The first aspect of mallet construction is the shaft itself. A number of different woods are commonly used by timpanists and mallet makers. Various qualities of the wood are important to consider such as weight, density, strength, flexibility, warp-ability, length of grain and so on. Probably the most obvious important characteristic is the weight of the wood. All musicians have the ability to brighten or darken the tones produced by their instrument, which is necessary to fit the different moods of the music being performed. For the timpanist, the weight of the mallet is a very important consideration in producing a tone that is bright, dark, or somewhere in between. Basically, the heavier the wood -- the darker the tone. Some of the various woods commonly used by timpanists (in order from light to heavy) are: bamboo, cherry, birch, maple, and hickory. Most professional timpanists utilize several of these woods in their standard set of sticks in order to blend with different sounds going on around them in a performance.

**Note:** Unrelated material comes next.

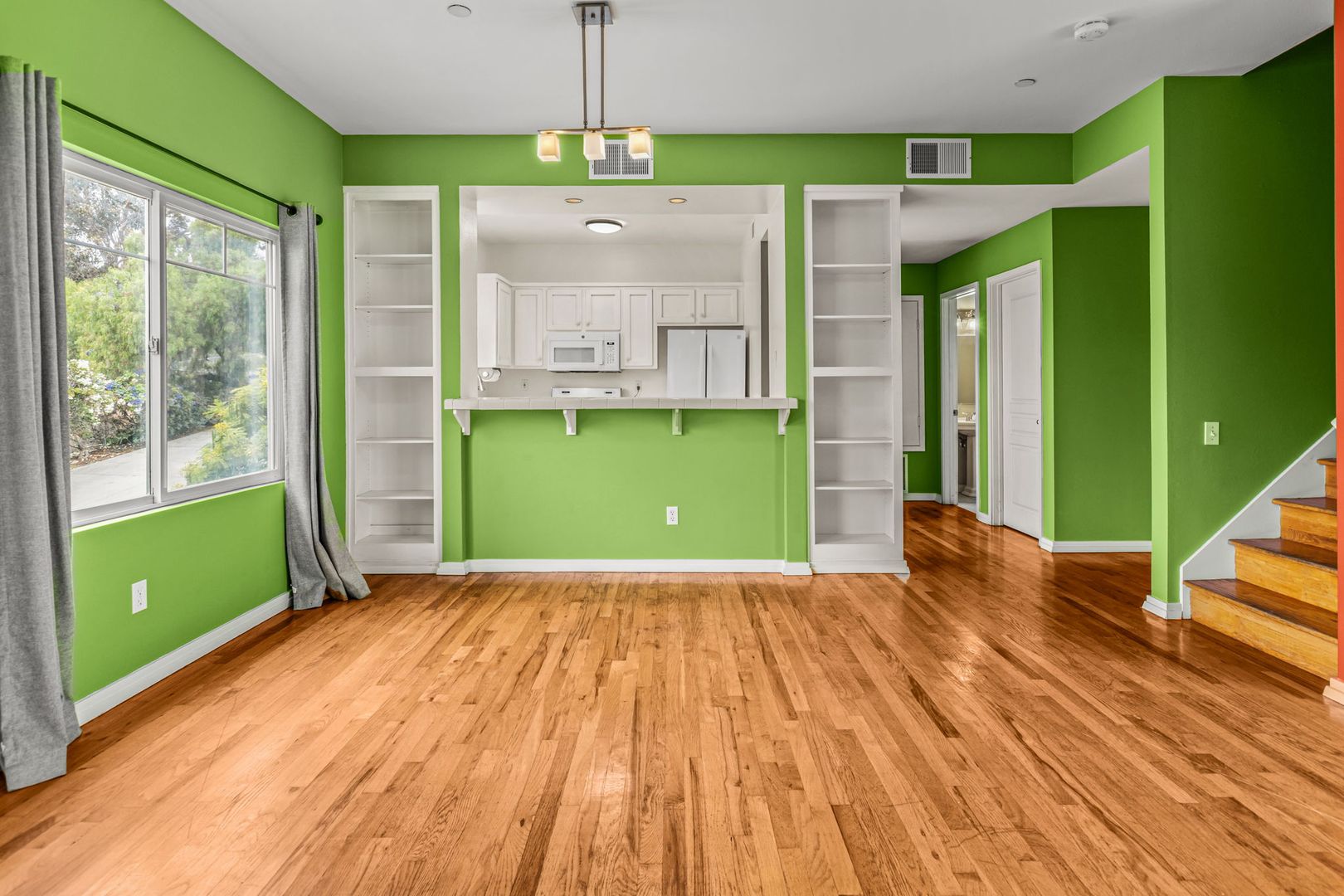 1352 24th Street 6 of 12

Another facet of stick construction is the felt, which makes direct contact with the drum head. The timpanist also needs to vary his or her sound in terms of the amount of resonance produced by the drum(s). An extremely resonant tone is often called a fat (or broad) sound. The opposite of this, where one hears mostly the attack with little resonance, is labeled dry (or pointed). To achieve this, various types, as well as amounts, of felt are sewn onto the stick. Basically, the more felt on a stick -- up to a point, anyway -- the fatter the sound. In addition, the type of felt used has an impact (pardon the pun), on the amount of resonance produced. We buy damper felt as used by piano technicians, and these felts have a certain range of tightness to their weave as well as a range of materials used by the felt manufacturer. At its simplest, the tighter the weave -- the dryer (or more pointed) the sound.
Finally, there is a small hard "core" glued onto the end of the mallet which the felt is sewed around, which also contributes to this quality of sound "shape" I've been talking about. Materials often used for this core (from softest to hardest) are: cork, hard piano damper felt, and wood, or combinations of these. There is the same relationship berween the hardness of the core and the resulting sound quality -- the harder the core, the dryer (or more pointed) the sound.

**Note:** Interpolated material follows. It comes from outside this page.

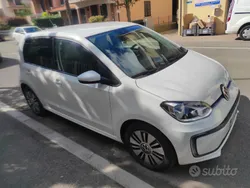 Usata 2021 VW e-up! Due volumi | 13.500 € (Buon prezzo)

In summary, the types of sound discussed here -- bright, dark, fat, pointed -- seem to indicate qualities more associated with vision (color and shape) rather than hearing. Yet these terms are well known to, and often used by, all instrumentalists in discussing the subject of orchestral sound. Therefore, in order for the professional timpanist to manipulate the sound of the drum in order to blend and play "in context" with both the orchestra and the music, he or she MUST have a large arsenal of sticks in the case, ready to "roll".

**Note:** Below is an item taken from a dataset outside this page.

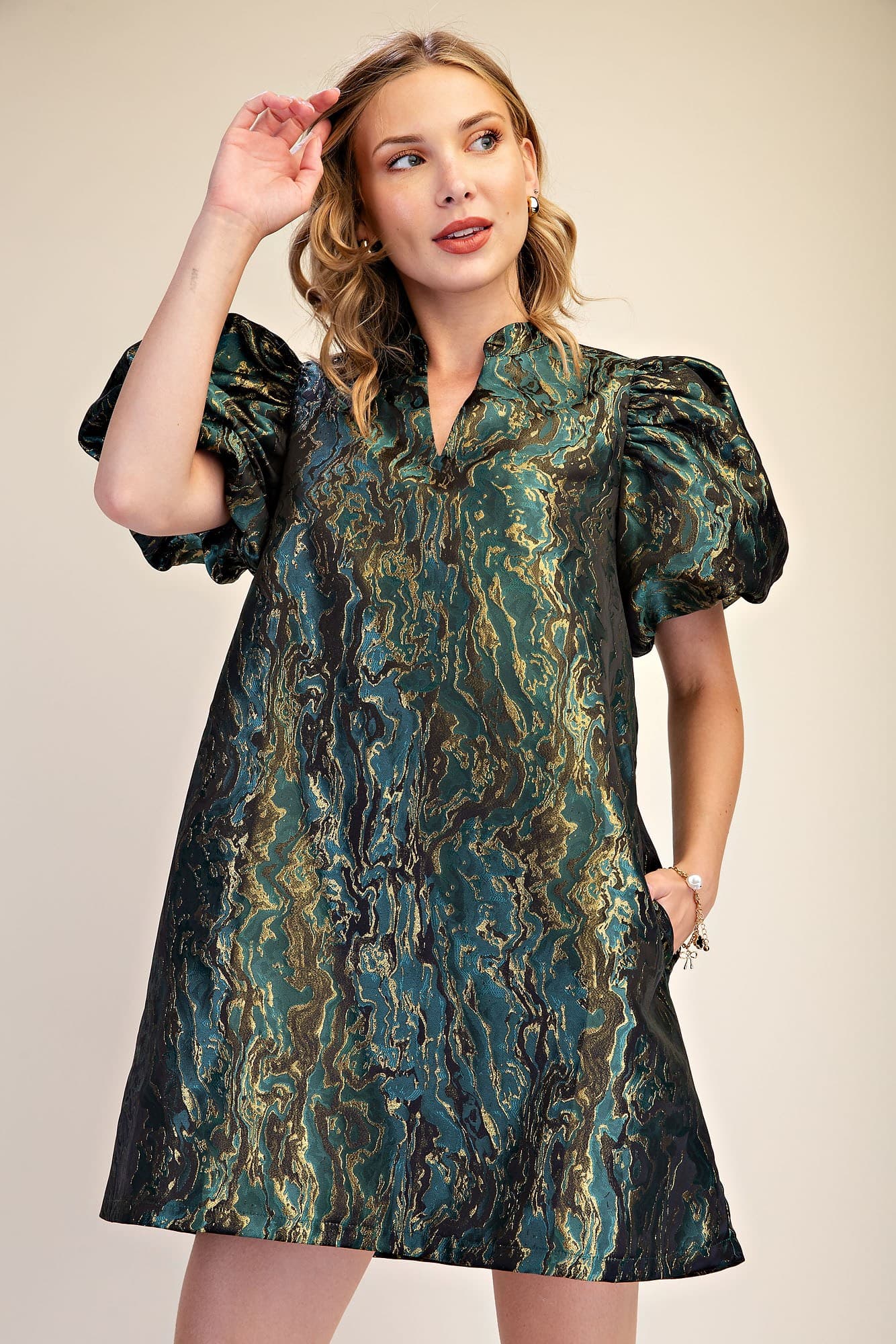 D8346 - GREEN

No, we are not doubled over in pain. We are, in fact, tuning our timpani. If you've ever had a good look at our drums up close (or from a balcony) you may have noticed that each timpano has a foot pedal about twelve inches or so from the floor. This pedal allows the timpanist to change the pitch of the drum. This may be somewhat confusing because not all percussion instruments produce actual pitches (many simply seem to go "BOOM" to the average listener), and of those that can, VERY few have the ability to actually change those pitches. But I need to back up a bit. Percussion instruments are grouped into two categories: indefinitely pitched and definitely pitched. The indefinitely pitched instruments include the snare drum, bass drum, cymbals, triangle, tom-toms, tambourine, and a host of others. When struck, they emit a band of frequencies that is too wide and scattered for the human ear to discern actual pitches from them. Some of the definitely pitched percussion instruments include the xylophone, marimba, bells (or glockenspiel), chimes and the timpani. These instruments are crafted so that the band of vibrations emitted is much narrower when struck, allowing the human ear and brain to perceive a discernible pitch. Of these specific instruments mentioned above, only the timpani can actually VARY their pitches, and the foot pedal is the mechanism that the timpanist manipulates to do so. I could go into a very detailed explanation of how all this works, but that would entail quite a lot of technical talk. Suffice it to say that when the timpanist pushes the pedal down, it stretches the timpani head and drives up the pitch in the same way that stretching a rubberband while plucking it also produces a pitch that is consistently higher.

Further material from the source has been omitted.